Dot Wordsworth

Istanbul Polis

My husband, who fancies himself as something of a classicist, was delighted to see the Turkish investigators of the Khashoggi horror in Istanbul with ‘Polis’ on their T-shirts. Against the odds of Ottoman rule and the Turkish cultural initiatives of Ataturk, this Greek word for a city society, polis, still designates the guardians of civic peace.

The borrowed word was all the more striking as the police were acting in Istanbul, the name of which derived from the Greek phrase eis ten polin, to the city. Where are you going? Eis ten polin, which by the 16th century had become Istanbul. A Turkish folk etymology derives the name from Islam bol, ‘plenty of Islam’, but this has no more basis than the popular version of asparagus in English being sparrow-grass.

When Graham Greene’s Stamboul Train was published in 1932, the destination of the Orient Express (the name of the novel in the United States) was still referred to as Constantinople. Stamboul was a form favoured by French-speakers, and Constantinople in the 19th century boasted a newspaper called Le Stamboul. Stambouline dress, as worn by Ottoman officials, was characterised by a black frock coat. It went with a fez, once the symbol of modernity (replacing the turban), only to be outlawed by Ataturk.
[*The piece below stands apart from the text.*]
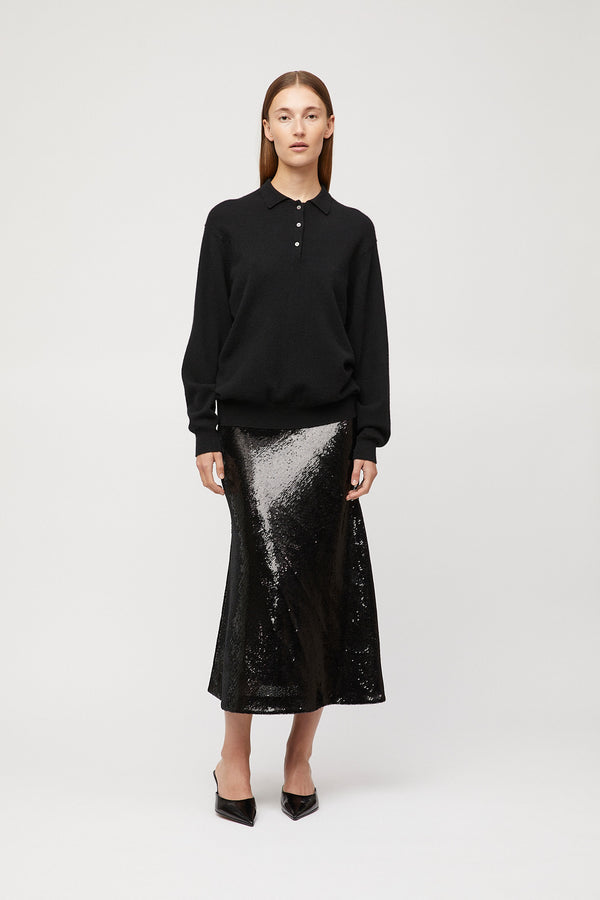 Fall Winter Spring Summer Bias Cut Sequin Skirt Jet Black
As for police, the word was for centuries connected in English with policy and political economy. In 1714, when Queen Anne appointed Commissioners of Police in Scotland, their duty was the general internal administration of the country. In Britain, the first force called police to keep law and order was the Marine Police force on the Thames in 1798, three decades before the Metropolitan or ‘New Police’ of 1829.